Por outro lado, o autarca refere a necessidade de agilizar processos, uma questão que preocupa a Associação Nacional de Municípios e que já está contemplada no “caderno de encargos” a entregar ao novo Governo. Segundo Ricardo Leão, o executivo já terá aceitado a ideia de não ser necessário o visto prévio do Tribunal de Contas “para tudo o que é PRR”, porque é preciso rapidez para aproveitar as verbas até 2025 e com a burocracia associada aos vistos prévios perde-se muito tempo.
Mas sublinha que essa dispensa representa uma responsabilidade acrescida para os autarcas, porque há visto na mesma, ainda que posterior.
No caso de Loures, a ideia é aproveitar o PRR para investir na Habitação. Ricardo Leão adianta que já houve também uma reunião com o Banco Europeu de Investimento (BEI) e o investimento poderá rondar os 50/60 milhões de euros.
O objetivo é apostar em parcerias com privados e cooperativas para a construção de casas para a classe média e jovens, porque “hoje em dia, qualquer cubiculozinho, particularmente em certas zonas do concelho, está por 600/700 euros no mercado de arrendamento”.
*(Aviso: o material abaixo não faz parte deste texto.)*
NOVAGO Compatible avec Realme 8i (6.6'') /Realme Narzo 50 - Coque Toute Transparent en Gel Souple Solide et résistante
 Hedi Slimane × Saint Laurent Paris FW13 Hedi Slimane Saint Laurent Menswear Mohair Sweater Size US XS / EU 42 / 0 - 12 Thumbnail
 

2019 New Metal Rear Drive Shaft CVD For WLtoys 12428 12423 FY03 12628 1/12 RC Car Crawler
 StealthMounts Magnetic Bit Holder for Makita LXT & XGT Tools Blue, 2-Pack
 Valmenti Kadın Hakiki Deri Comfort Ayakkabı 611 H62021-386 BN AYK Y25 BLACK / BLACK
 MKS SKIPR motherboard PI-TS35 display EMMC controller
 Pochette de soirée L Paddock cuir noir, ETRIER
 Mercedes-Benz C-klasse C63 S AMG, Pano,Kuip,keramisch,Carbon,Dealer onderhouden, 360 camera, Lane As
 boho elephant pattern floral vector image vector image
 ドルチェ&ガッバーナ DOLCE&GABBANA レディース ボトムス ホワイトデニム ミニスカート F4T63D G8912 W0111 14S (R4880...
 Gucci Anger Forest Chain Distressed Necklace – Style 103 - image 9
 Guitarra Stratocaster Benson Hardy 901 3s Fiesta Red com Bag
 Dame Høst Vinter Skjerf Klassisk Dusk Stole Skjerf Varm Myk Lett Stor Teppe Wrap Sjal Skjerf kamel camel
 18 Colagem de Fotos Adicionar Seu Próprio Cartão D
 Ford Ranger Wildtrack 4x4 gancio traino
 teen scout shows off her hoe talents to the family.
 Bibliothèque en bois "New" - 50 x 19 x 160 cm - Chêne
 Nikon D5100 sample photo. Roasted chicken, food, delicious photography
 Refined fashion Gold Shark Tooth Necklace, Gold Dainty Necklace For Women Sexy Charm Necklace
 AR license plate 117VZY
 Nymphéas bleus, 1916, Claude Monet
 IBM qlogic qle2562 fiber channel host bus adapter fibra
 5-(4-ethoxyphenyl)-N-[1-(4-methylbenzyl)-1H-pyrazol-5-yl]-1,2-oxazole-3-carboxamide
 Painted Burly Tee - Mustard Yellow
Também está prevista a intervenção nos vários bairros municipais de Loures, a maior parte com casas muito degradadas. É mais uma questão em que o autarca acusa o seu antecessor de ter deixado estes bairros ao abandono e de ter permitido que os moradores também o fizessem, deixando de pagar as rendas “por vezes, 5,6, 10 euros por mês”.
É por isso que existe uma dívida acumulada de quase 15 milhões de euros referente a rendas não pagas “e que se intensificou nos últimos anos de gestão CDU”.
Por isso, Ricardo Leão reafirma o terá dito em todos os bairros durante a campanha eleitoral: a Câmara vai assumir as suas responsabilidades enquanto senhoria, vai intervencionar as casas, dando-lhes dignidade (“nalgumas chove dentro ou nem têm sanitas”) mas “apenas para aqueles que estão em situação legal, que pagam a renda. Para os que não pagam, a solução pode passar por acordos de pagamento das rendas em atraso. Nem um cêntimo para quem não quer pagar a renda porque senão torna-se injusto e não há equidade”, argumenta o edil de Loures.
A concretização da ligação por Metro de superfície entre Odivelas e Loures está prevista no PRR e implica um investimento de 250 milhões de euros. Esta é uma obra a cargo do Metro de Lisboa, no âmbito do Plano de Expensão e Modernização do Metropolitano de Lisboa.
No entanto, há obras complementares e despesas com expropriações que ficam a cargo dos municípios. Ricardo Leão explica que será necessário fazer a requalificação do espaço público, construir uma linha rodoviária nova (porque o Metro vai usar a EN8), investir em transportes públicos e construir parques de estacionamento, já que as estações estão longe da malha urbana.
“Só com uma boa oferta de transportes públicos, em horários de ponta da manhã e fim do dia e com várias frequências, a desaguar nas estações de Metro e a construção de parques é que as pessoas vão usar este meio de transporte. Isso tem custos. No caso de Loures, antes da guerra, as estimativas apontavam para 40/50 milhões de euros de despesas extraordinárias”, diz.
Os autarcas de Loures e Odivelas já terão transmitido esta preocupação ao novo ministro do Ambiente, Duarte Cordeiro. “Terá de se encontrar uma solução no âmbito do PRR ou alguma linha de crédito a que os municípios possam candidatar-se para que a expansão do metro se possa concretizar no prazo normal, ou seja, até 2025-2026”, defende Ricardo Leão.